The one behind said nothing, only continued to stand and watch with his hands clasped before him.

"We can take any shape we like," continued the one on the right, "but our orders were to assume that of someone you’d recognize and trust."

"I’d not trust sai King much further than I could throw his heaviest grandfather," Roland remarked. "As troublesome as a trousers-eating goat, that one."

"We did the best we could," said the righthand Stephen King. "We could have taken the shape of Eddie Dean, but felt that might be too painful to the lady."

"The ‘lady’ looks as if she’d be happy to f**k a rope, could she make it stand up between her thighs," remarked the lefthand Stephen King, and leered.

"Uncalled-for," said the one behind, he with his hands crossed in front of him. He spoke in the mild tones of a contest referee. Susannah almost expected him to sentence Badmouth King to five minvxtes in the penalty box. She wouldn’t have minded, either, for hearing Badmouth King crack wise hurt her heart; it reminded her of Eddie.
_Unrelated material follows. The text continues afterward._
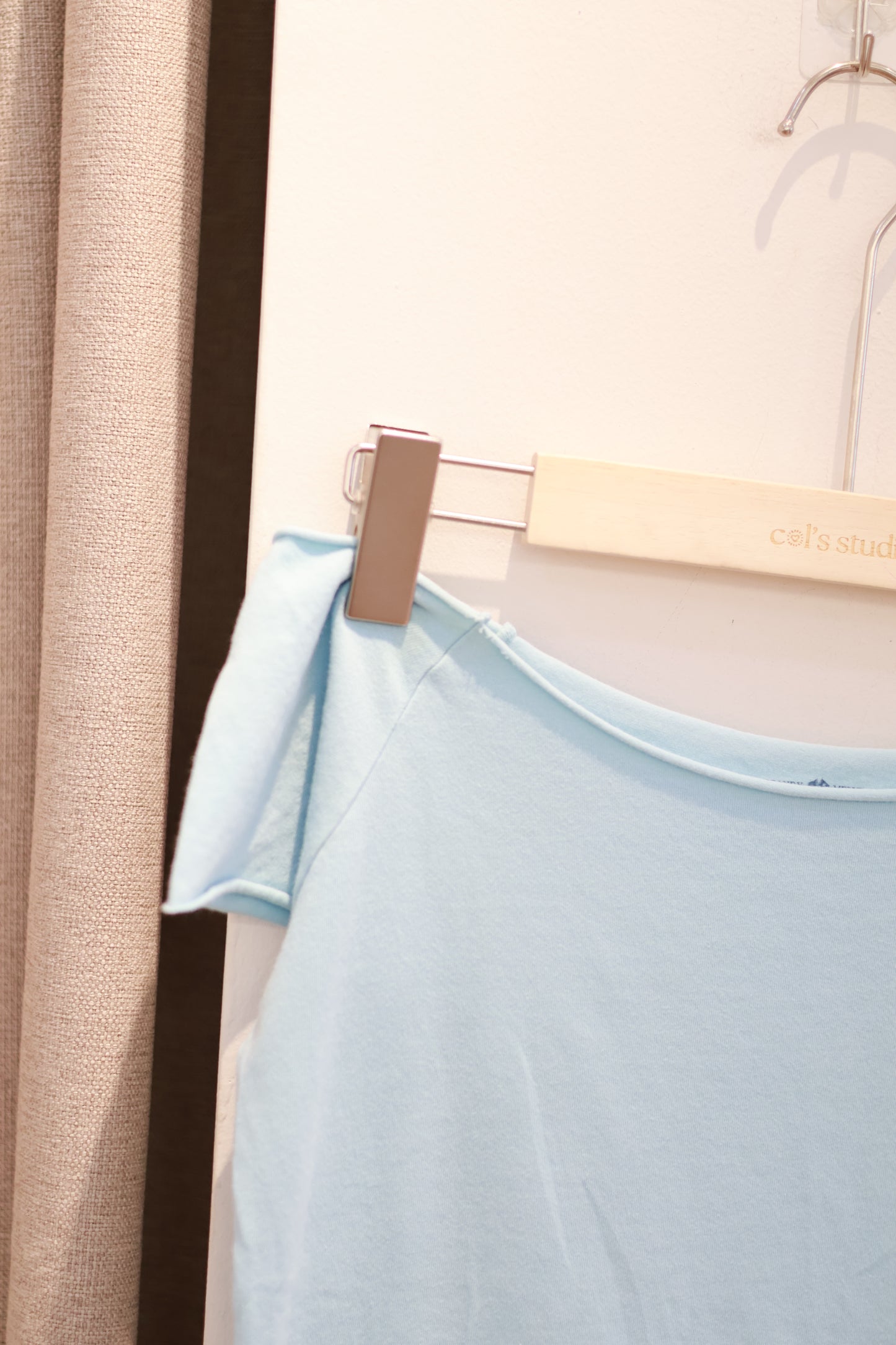 BRANDY Bonnie Top - Light Blue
Roland ignored all the byplay.

"Could the three of you take three different shapes?" he inquired of Goodmouth King. Susannah heard the gunslinger swallow quite audibly before asking this question, and knew she wasn’t the only one struggling to keep from drooling over the smells from the food-basket. "Could one of you have been sai King, one sai Kennedy, and one sai Nixon, for instance?"
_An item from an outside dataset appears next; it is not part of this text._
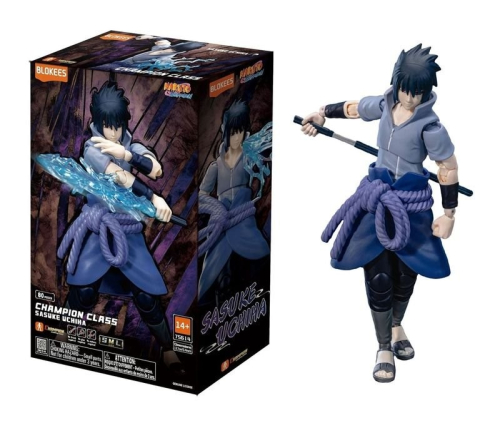 Figura Blokees Champion Class:Naruto - Sasuke Uchiha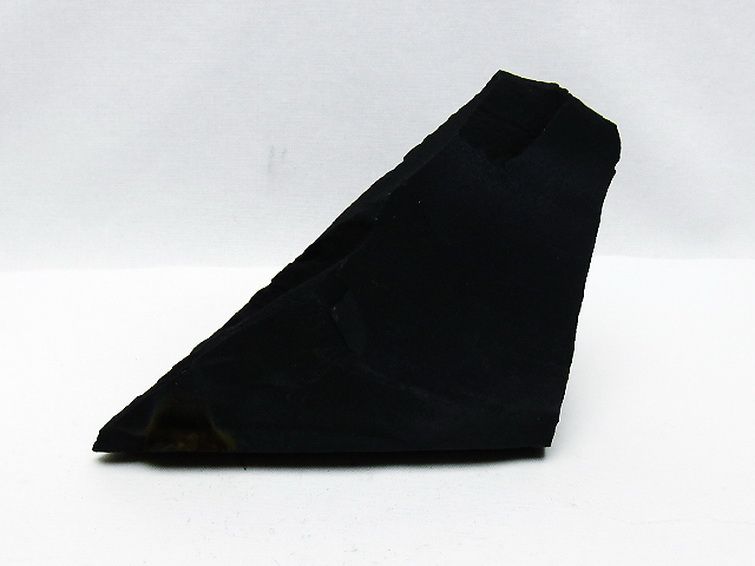 北海道上ノ国町産 ブラックシリカ原石[T694-5053] 1枚目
"A good question," said Goodmouth King on the right.

"A stupid question," said Badmouth King on the left. "Nothing at all to the point. Off we go into the wild blue yonder. Oh well, was there ever an action hero who was an intellectual?"

"Prince Hamlet of Denmark," said Referee King quietly from behind them. "But since he’s the only one who comes immediately to mind, he may be no more than the exception that proves the rule."
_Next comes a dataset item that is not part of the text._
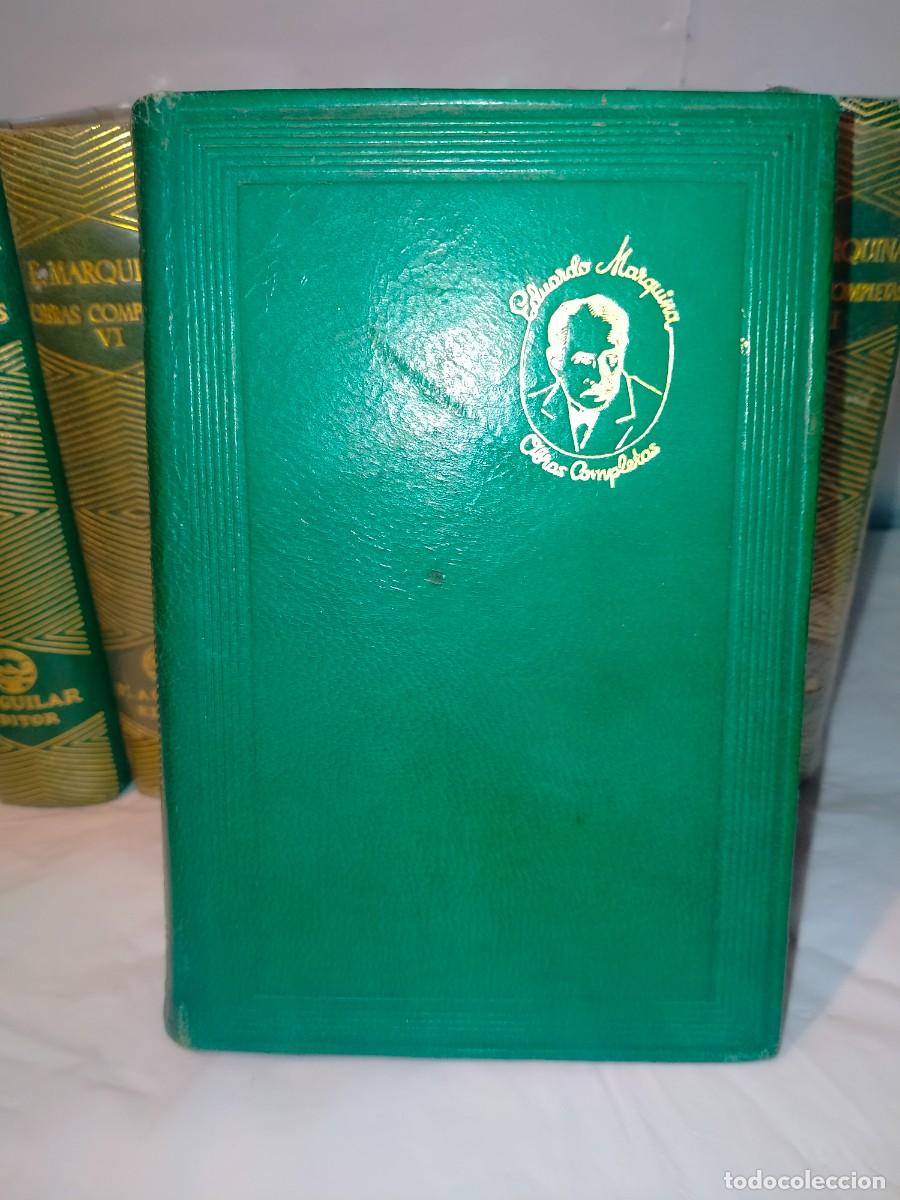 Libros de segunda mano: EDUARDO MARQUINA. OBRAS COMPLETAS (7 TOMOS) .AGUILAR - Foto 2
Goodmouth and Badmouth both turned to look at him.

When it was clear that he was done, they turned back to Roland and Susannah.

"Since we’re actually one being," said Goodmouth, "and of fairly limited capabilities at that, the answer is no. We could all be Kennedy, or we could all be Nixon, but-"

"’Jam yesterday, jam tomorrow, but never jam today,’" said Susannah. She had no idea why this had popped into her head

(even less why she should have said it out loud), but Referee King said "Exactly!" and gave her a go-to-the-head-of-the-class nod.

"Move on, for your father’s sake," said Badmouth King on the left. "I can barely look at these traitors to the Lord of the Red wi’out puking."

"Very well," said his partner. "Although calling them traitors seems rather unfair, at least if one adds ka to the equation.

Since the names we give ourself would be unpronounceable to you-"

"Like Superman’s rival, Mr. Mxyzptlk," said Badmouth.

"-you may as well use those Los’ used. Him being the one you call the Crimson King. I’m ego, roughly speaking, and go by the name of Feemalo. This fellow beside me is Fumalo. He’s our id."

"So the one behind you must be Fimalo," Susannah said, pronouncing it i^-ma-lo. "What’s he, your superego?"

"Oh brilliant!" Fumalo exclaimed. "I bet you can even say Freud so it doesn’t rhyme with lewd!" He leaned forward and gave her his knowing leer. "But can you spell it, you shor’-leg New York blackbird?"